A Nebraska Childhood

Train up a child in the way he should go:

and when he is old, he will not depart from it.

—Proverbs 22:6

1

My Early Years: Lee Sapp

See, only God knows when you’re going to be born. He controls it all. He wanted us born in our time and our mom and dad in theirs. My time was January 18, 1929, on a farm six miles southeast of Auburn, Nebraska. According to the midwife and the chicken scale, I weighed a hefty fourteen pounds two ounces. Now that was the year the Depression started real bad, and that’s the year my dad went broke feeding cattle, so I don’t suppose I was in that house more than a year or two. I honestly don’t know how long we lived there because we moved around so often.

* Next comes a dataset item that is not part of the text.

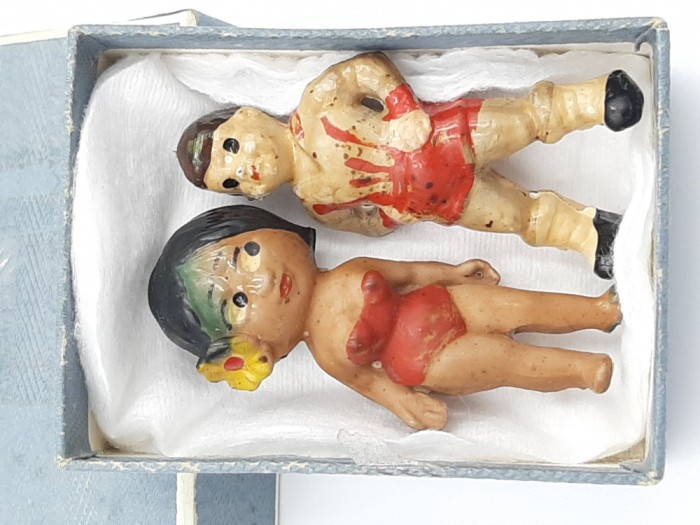 De colectie ! Mici papusi/figurine vechi anii 1930/40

Back in those days, Auburn was just a small town, but Hurless and Emily Sapp wouldn’t move from the farm into town because they didn’t want their children growing up in a big city.

Throughout my childhood our family moved around southeastern Nebraska, but the countryside always looked the same wherever we went—rolling farm land with rows of trees along the road and corn, wheat, oats, barley, or alfalfa in the fields. We weren’t traveling on paved roads, either. We didn’t have them in those days like we do now. On the farm, we just had dirt roads that turned to mud when it rained. The gravel roads in town were a little easier to drive on.

We moved about every March 1 until I was a senior in high school. It seemed like either the landlord didn’t like my dad or all of us living in one house or maybe Dad wasn’t farming right. I think the Depression was the main cause, though. Whatever house we were in, we were a close-knit family. Each house became a wonderful home, one that was full of love. There were seven of us kids altogether. My oldest sister, Irene, was eleven years old when Bill, the youngest, was born. There’s only five years between us four boys, though. Ray’s the oldest, then me, then Dean, then Bill.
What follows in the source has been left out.